=== EXERCISE AIM ===
From the line that contains "A sweeping view" down to the last line of the data below, restate every line word for word, skipping any images.

=== PROVIDED RECORDS ===
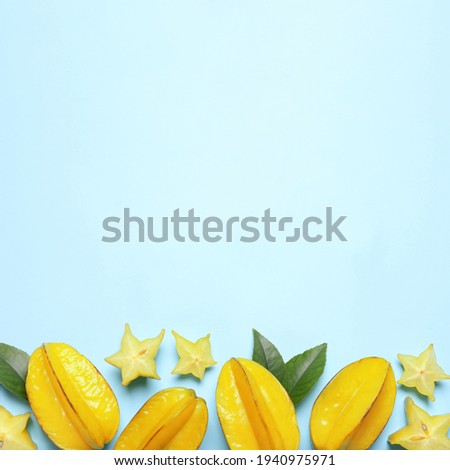 Delicious carambola fruits on light blue background, flat lay. Space for text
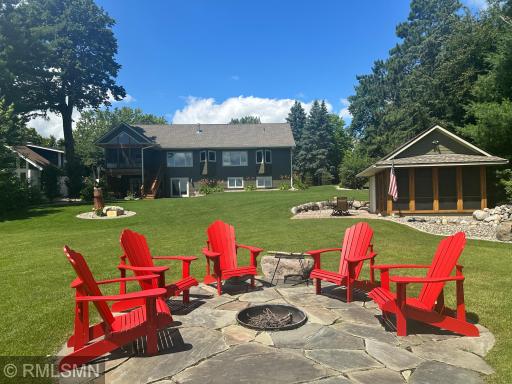 A sweeping view showcases the beauty of the lakeside yard.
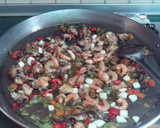Foto del paso 11 de la receta: Paella mixta de marisco y pollo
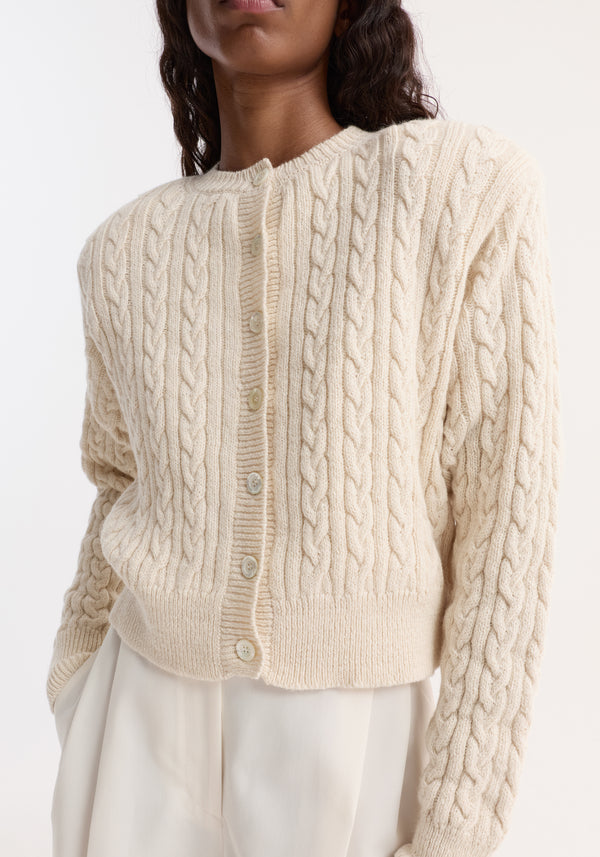 Fine merino cable cardigan in cream, featuring a textured knit with shoulder pads, small buttons, and a slightly cropped fit, worn with matching trousers.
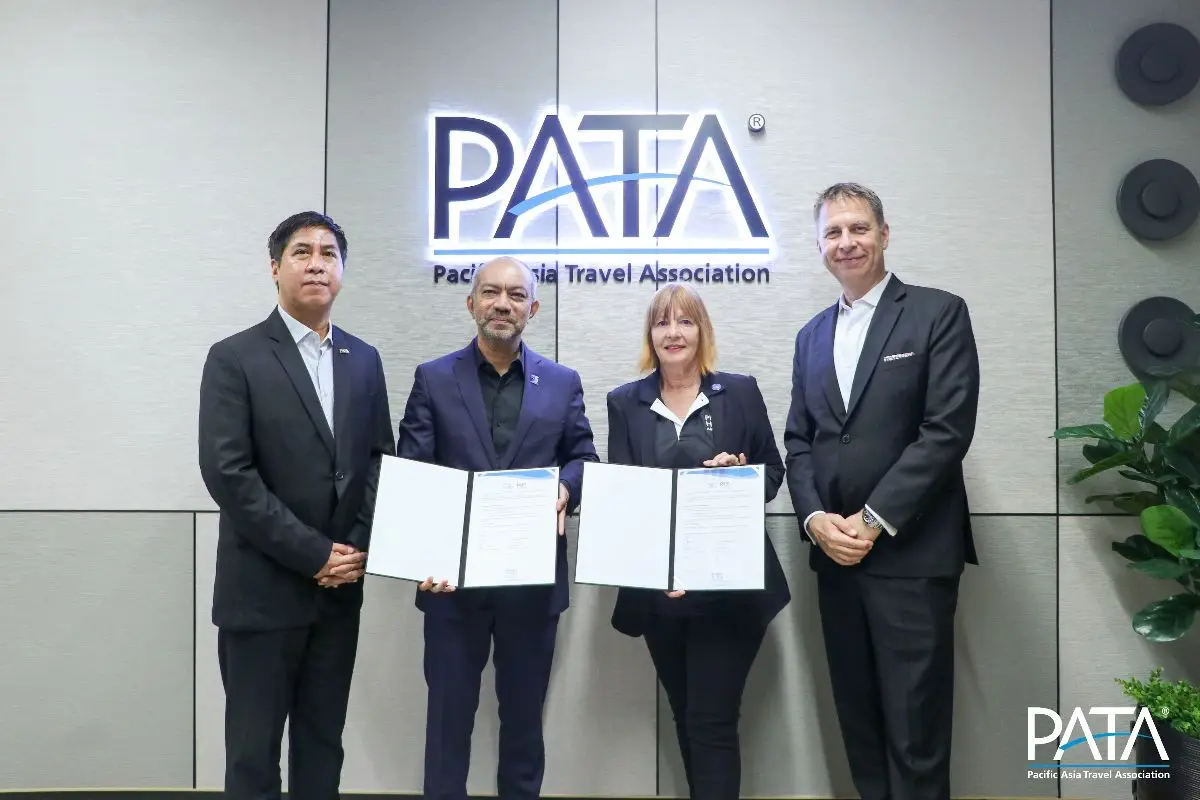 Pata And Phuket Hotels Association Sign Deal To Support Responsible Tourism 4 Four business professionals hold signed documents during a partnership signing at PATA headquarters, with the PATA logo displayed behind them.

=== REPLY ===
 A sweeping view showcases the beauty of the lakeside yard.
Foto del paso 11 de la receta: Paella mixta de marisco y pollo
 Fine merino cable cardigan in cream, featuring a textured knit with shoulder pads, small buttons, and a slightly cropped fit, worn with matching trousers.
 Pata And Phuket Hotels Association Sign Deal To Support Responsible Tourism 4 Four business professionals hold signed documents during a partnership signing at PATA headquarters, with the PATA logo displayed behind them.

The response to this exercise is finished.